Para algunos, el país ha retrocedido, al menos a mí ello me parece evidente, pero el verdadero retroceso no encuentra su causa en las manifestaciones mismas ocurridas a partir de octubre de 2019, sino en la inoperancia de una clase política banal, superficial y muchas veces corrupta.
Octubre de 2019 será recordado como un año marcado a fuego en la historia reciente de Chile. El estallido social o revuelta ciudadana, no solo sirvió para exteriorizar un profundo descontento acumulado con el paso de los años, a pesar del innegable y extraordinario progreso experimentado por el país desde el año 1990, sino que también dividió y sigue dividiendo a los chilenos.
Este suceso trajo consigo un cuestionamiento generalizado hacia un sistema político que no fue capaz de responder a los anhelos de una sociedad que pedía una mayor participación en los beneficios y el desarrollo del país en los últimos 30 años y el fin de la corrupción política y empresarial, que nunca logró ser enfrentada con toda la fuerza del Estado de derecho.
Con el paso de los años, surgió el término “octubrismo”, una etiqueta usada peyorativamente para denostar aquellas manifestaciones. Esto me parece injusto. No es correcto encasillar a todo un movimiento social en una palabra cargada de negatividad. Sin embargo, prefiero reservar el término “octubrismo” para referirme a la irracionalidad y violencia que efectivamente sacudió al país durante esos días: la destrucción, los saqueos y, lo más preocupante, la justificación de estos actos por una clase política que fue incapaz de condenar la violencia de manera firme y que, de alguna manera, usó el descontento ciudadano como una plataforma para acceder al poder.
En definitiva, no merece el trato de “octubrista” aquella familia que marchaba por la Alameda pidiendo legítimos cambios. “Octubristas” son todos aquellos que frente a los saqueos y destrucción de pymes decían en esos días “son solo cosas materiales” y quienes obligaron a las personas a “bailar” para seguir su camino.
Cinco años después del estallido social, la percepción de muchos compatriotas es que estamos peor que en 2019. En diciembre de dicho año casi el 80% de los chilenos consideraba que después de los sucesos de octubre Chile sería un mejor país. A octubre de 2024, solo un 6% de la población cree que estamos mejor que el 2019, mientras que el 68% de los chilenos considera que el estallido social tuvo consecuencias negativas y marcó el inicio de un profundo declive para su calidad de vida. Hoy la esperanza ha dado paso al miedo, informa el estudio titulado “No lo vimos, ¿lo vemos?”, elaborado por Cadem.

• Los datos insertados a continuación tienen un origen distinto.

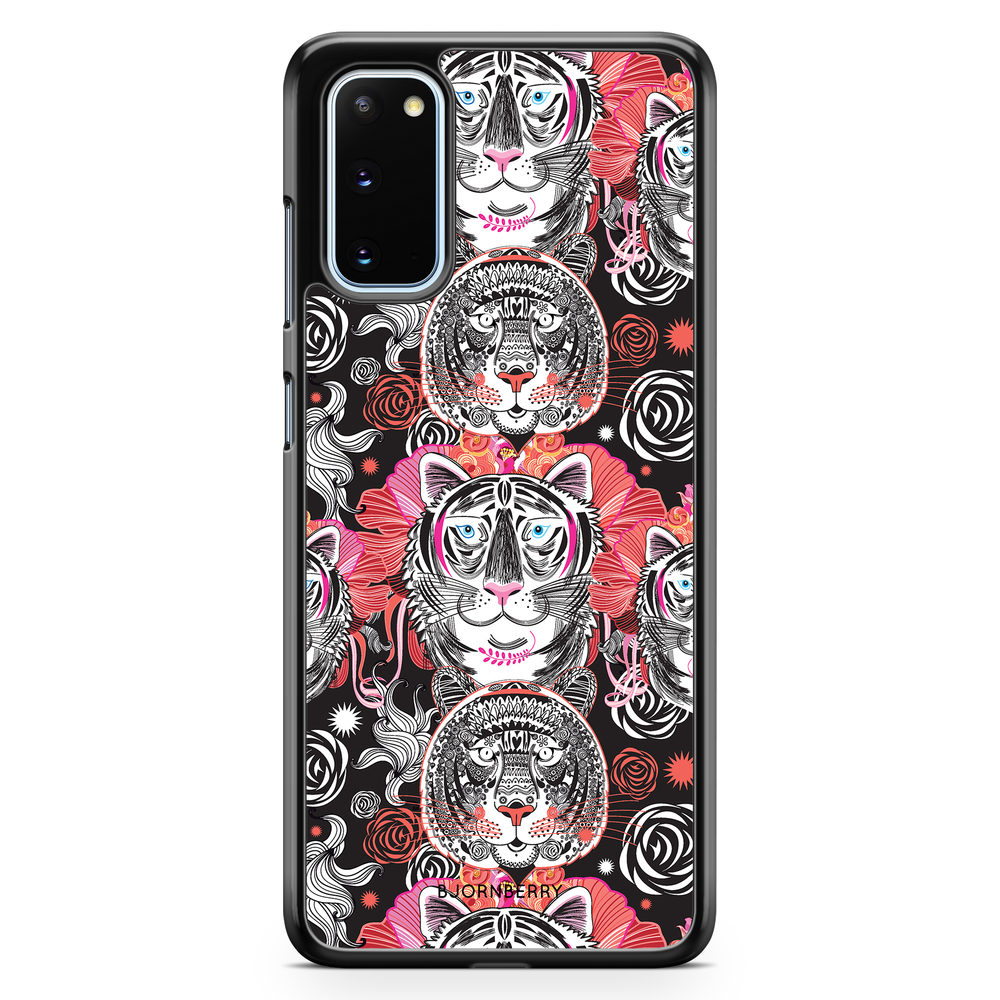 Samsung Galaxy S20 Case - Cartoon Tigers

Para algunos, el país ha retrocedido, al menos a mí ello me parece evidente, pero el verdadero retroceso no encuentra su causa en las manifestaciones mismas ocurridas a partir de octubre de 2019, sino en la inoperancia de una clase política banal, superficial y muchas veces corrupta. Una clase política que no ha sido capaz de tomar decisiones que realmente mejoren las condiciones de vida de las personas y fortalezcan nuestra democracia. Los dos procesos constituyentes fallidos son una prueba palpable de este fracaso.
Miles de personas tomaron las calles para manifestar su malestar. Lo hicieron, en su enorme mayoría, en el ejercicio de sus derechos de manifestación y protesta, de manera pacífica. Las demandas de aquellos días no han desaparecido; persisten e incluso se han agravado por la creciente inseguridad y el deterioro económico que enfrentamos hoy, con menos empleo formal, con un paupérrimo crecimiento y un gasto fiscal que aumenta año a año y sin un retorno claro en el bienestar para las personas.
Las redes de influencia existentes alrededor de Luis Hermosilla, el manto de duda que se ha tejido en torno al Poder Judicial, el uso de acusaciones constitucionales vacías como herramienta político-electoral, la minimización del drama de la delincuencia por parte de quienes deben velar por la seguridad pública, etc., son solo una muestra de este declive.
Las deudas del estallido social siguen vigentes en salud, educación, vivienda, pensiones, empleo y con una delincuencia desatada cada vez más cruel y letal, una corrupción que sigue generando daños irreparables, tanto en el derroche de nuestros recursos como en la legitimidad de la democracia, y una migración irregular descontrolada que está provocando tensiones sociales adicionales, contribuyendo a exacerbar el malestar de miles de ciudadanos.
A cinco años de aquellos eventos, el país sigue enfrentándose a desafíos profundos. La pregunta que muchas personas nos hacemos es: ¿será capaz la clase política de estar a la altura de las circunstancias y resolver las demandas de un pueblo que ya no tolera ni merece más promesas vacías ni tanta inoperancia e indolencia?